In 2011, the petitioners conveyed undeveloped B.C. lands to a limited partnership with an affiliated general partner. Due to failed communications, the partnership had not been registered for HST purposes, so that the exemption under ETA s. 221(2) from the obligation of the petitioners to charge HST was not available. The partnership then issued LP units to 163 outside investors and commenced developing the lands. In 2013, CRA assessed the petitioners for their failure to charge HST. The petitioners then entered into a fresh agreement to convey the lands to the partnership (which now was registered) subject to a condition that the previous conveyance be judicially rescinded.
After noting that Solle v. Butcher, [1950] 1 K.B. 671 (C.A.), which established the doctrine of equitable mistake, had been reversed in Great Peace Shipping Ltd. v. Tsavliris Salvage (International) Ltd., [2002] EWCA Civ 1407, [2002] 4 All E.R. 689 (C.A.), Loo J stated (at para. 73) that here "the CRA does not argue that the equitable doctrine of mistake is not available."
She rescinded the transfer. First, there was no adequate legal remedy. Because of BC's abolition of HST before the discovery of the problem in 2013, the partnership could only recover, under ETA s. 171(1), the federal (5%) portion of the HST payable by it to the petitioners (assuming no rescission), as the "basic tax content" of the lands excluded the provincial HST.
Second, the mistake went to the legal effect of the transactions rather than merely their consequences: "Here, the intention of the petitioners from the very outset and throughout was that the Partnership would be registered under the ETA and there would be no net HST/GST payable" (para. 99).
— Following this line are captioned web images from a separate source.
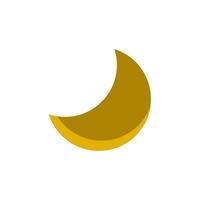 moon icon vector design template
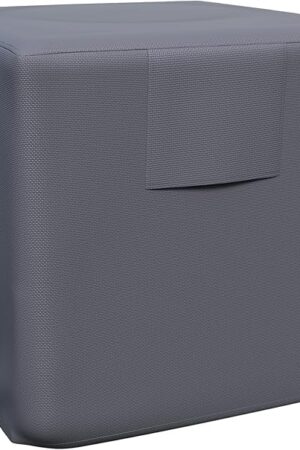 AKEfit Air Conditioner Cover for Outside, Heavy Duty Waterproof AC Defender with Durable Oxford Fabric, Veranda AC Protector (Grey, 34W x 34D x 30H)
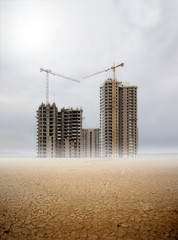 Building Construction at the Desert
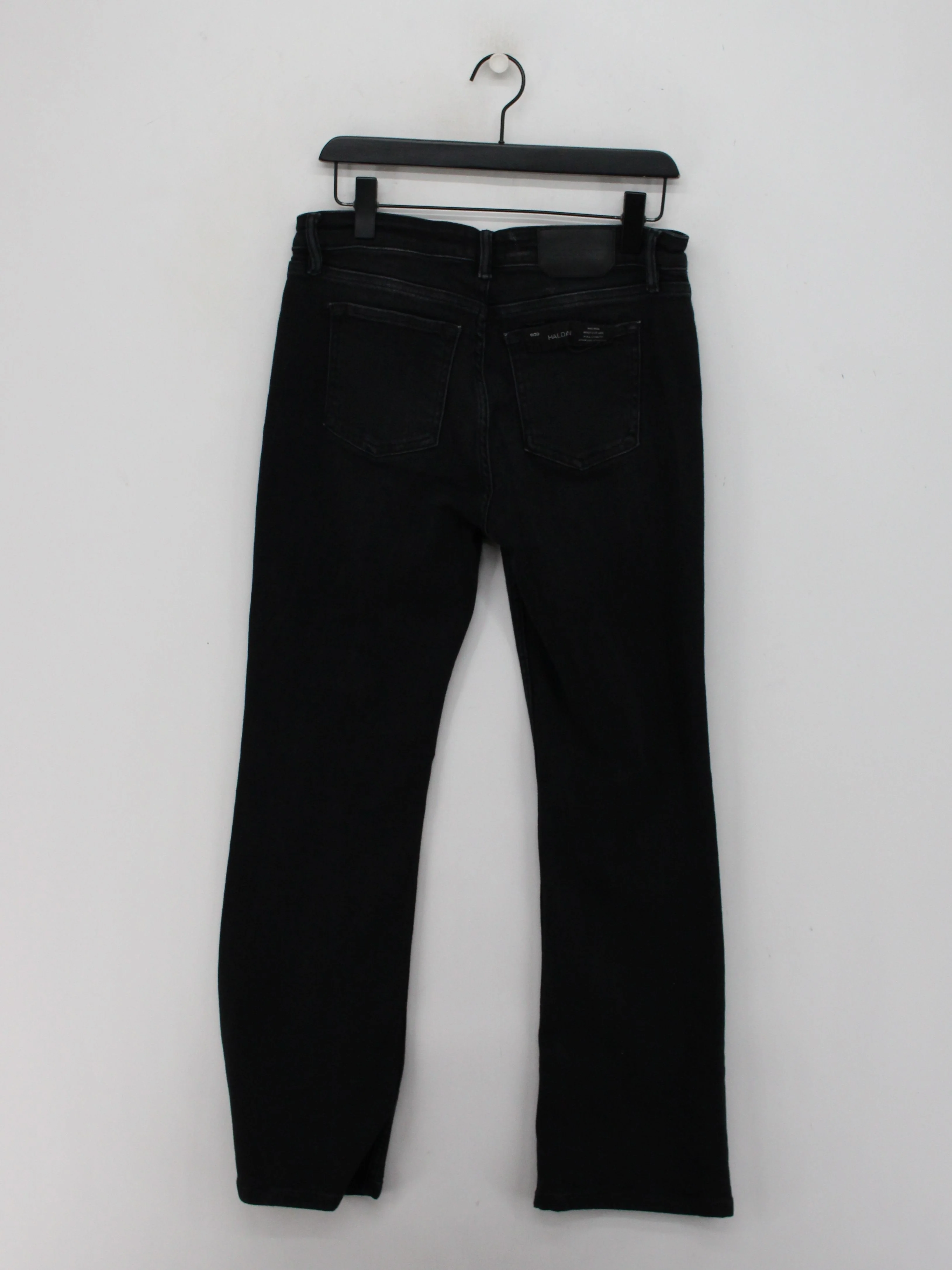 AllSaints Men's Jeans W 30 in Black Cotton with Elastane Straight - Image 2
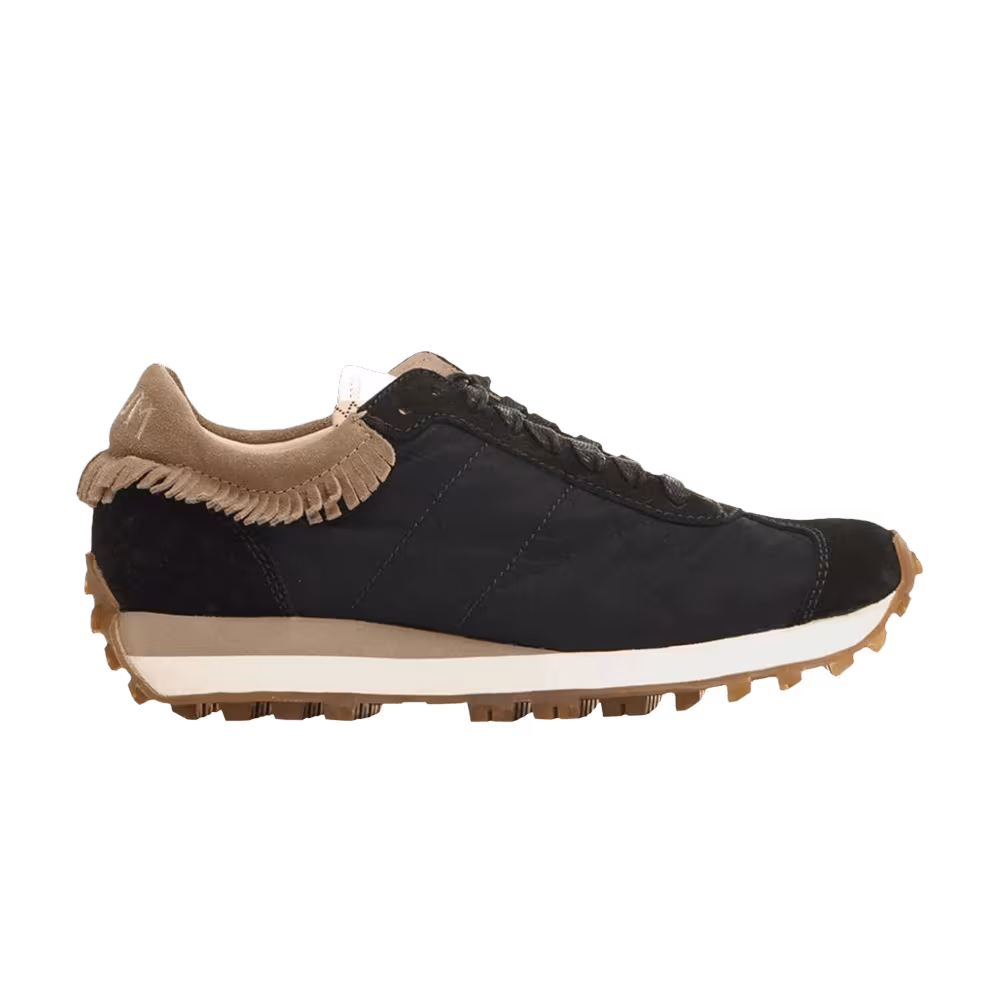 Visvim Walpi Runner 8 Fringed Suede Black Camel Brown
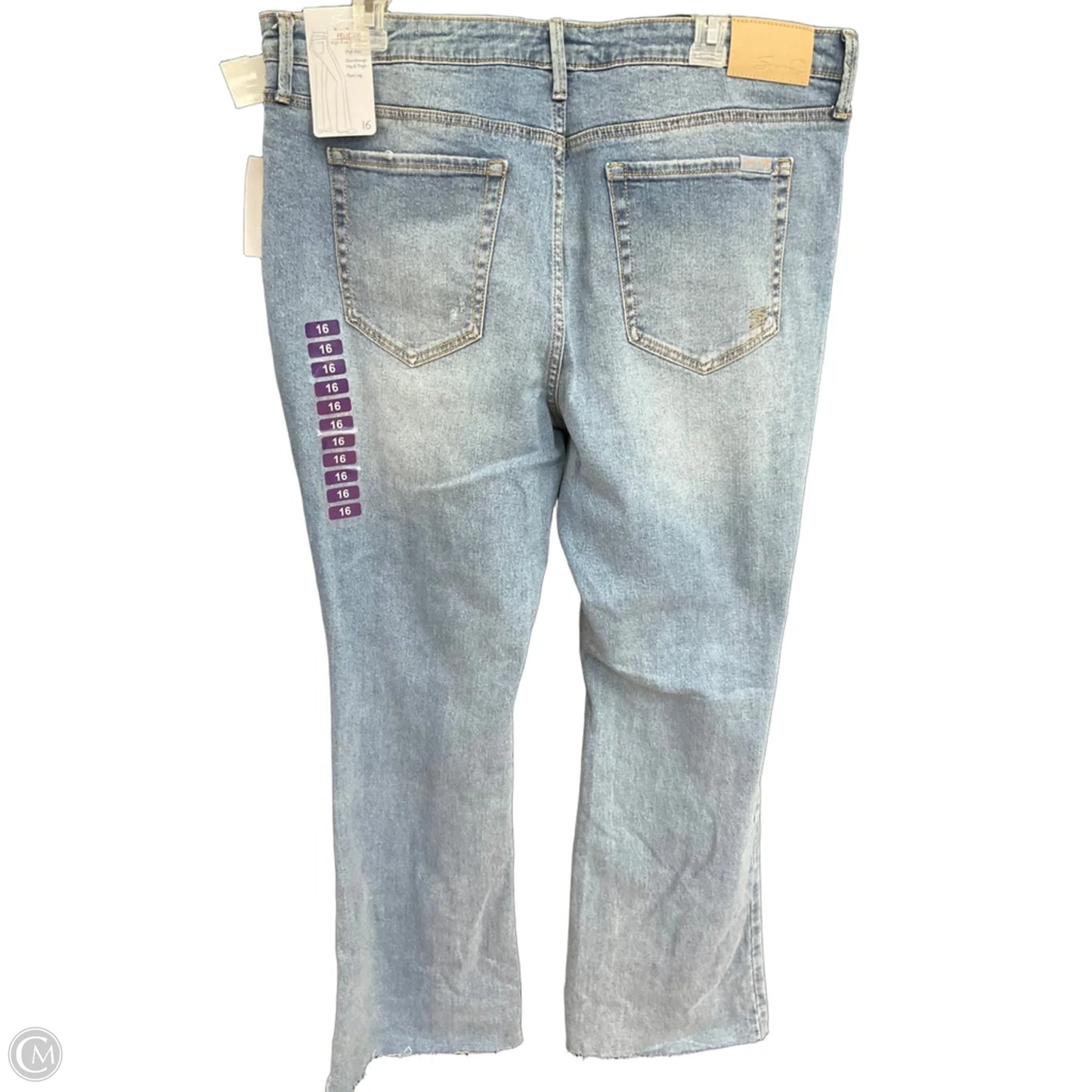 Jeans Flared By Seven 7 In Blue, Size: 16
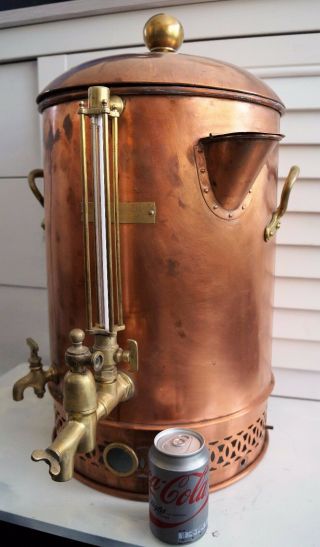 Antique Victorian Benham & Son Wigmore Copper Water Tea Coffee Urn Boiler Lid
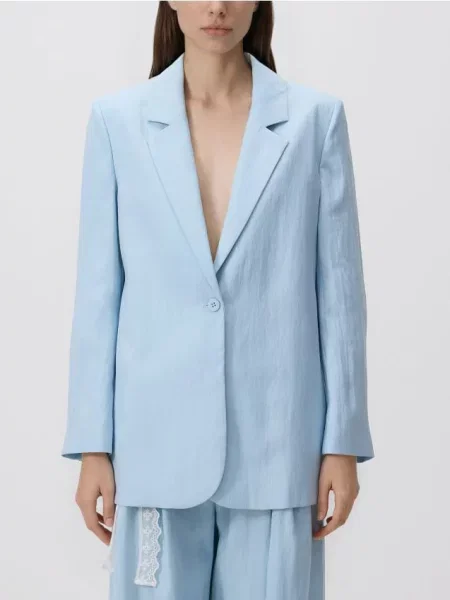 Reserved Блейзер із додаванням блідо-блакитний блакитний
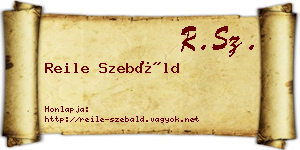 Reile Szebáld névjegykártya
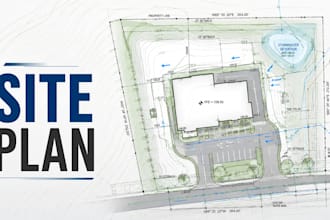 draft site plan grading plan utility topography and drainage design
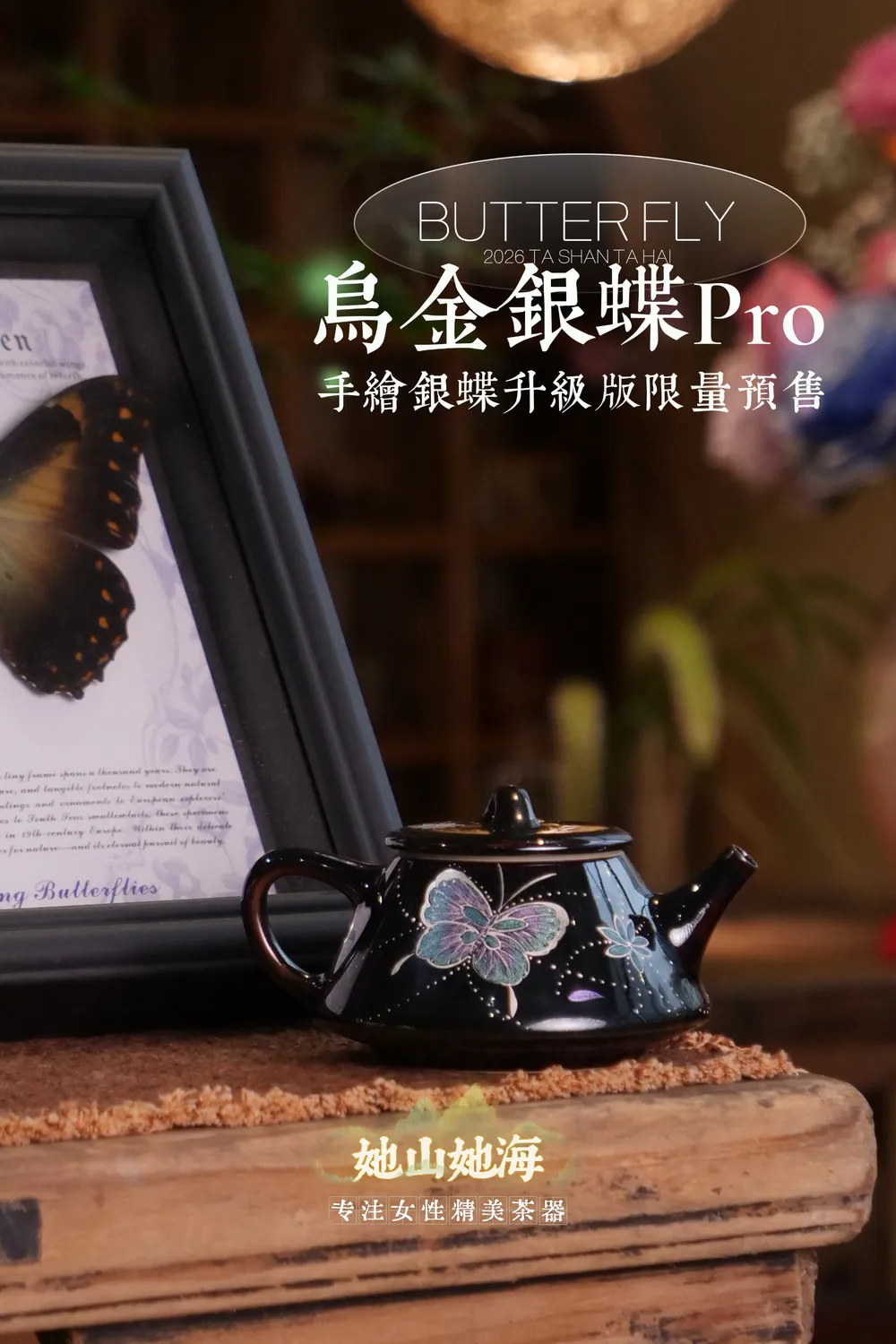 乌金银蝶PRO升级版茶壶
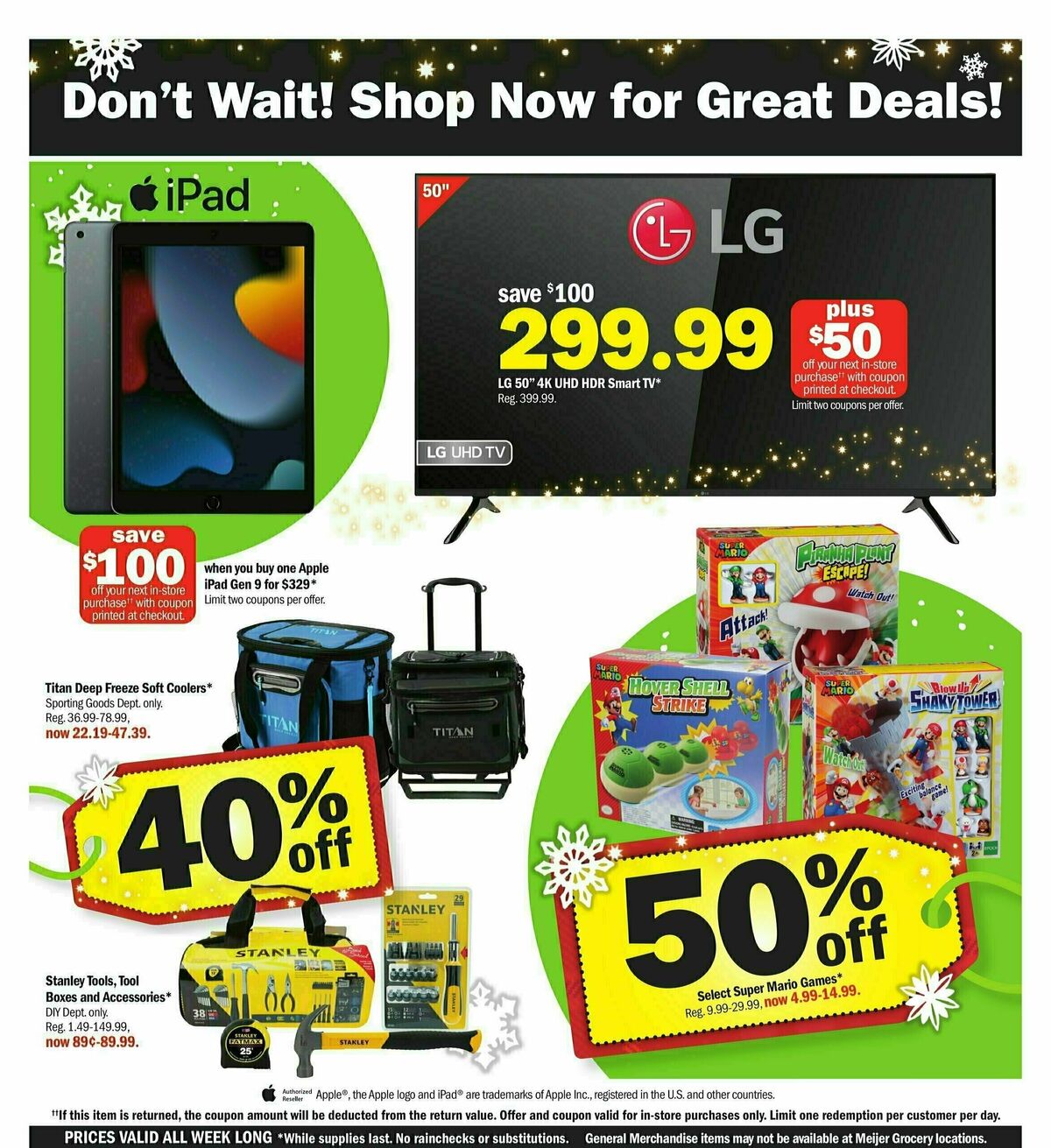 Meijer Black Friday 3-Day Sale Weekly Ad from November 23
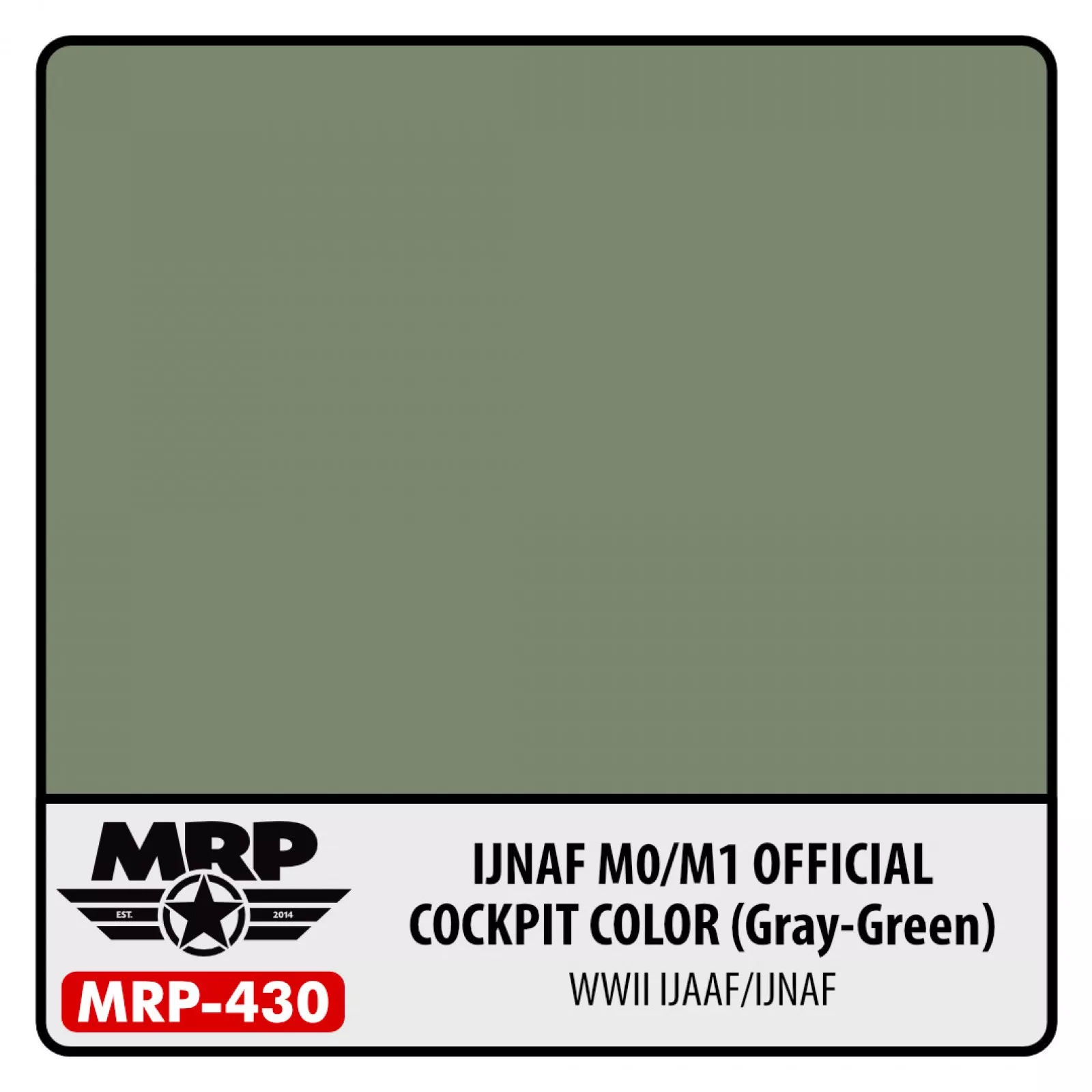MRP IJNAF MO/M1 Gray Green Offcial Cockpit Color WWII IJAAF/IJNAF 30ml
Third, the petitioners had "clean hands," notwithstanding that their failure to timely file HST returns meant their non-registration was not identified before the adverse B.C. change of law. As per Hongkong Bank of Canada v. Wheeler Holdings Ltd., [1993] 1 S.C.R. 167, at 188, the clean hands doctrine only applies when "the dirt in question on the hand, has an immediate and necessary relationship to the equity sued for."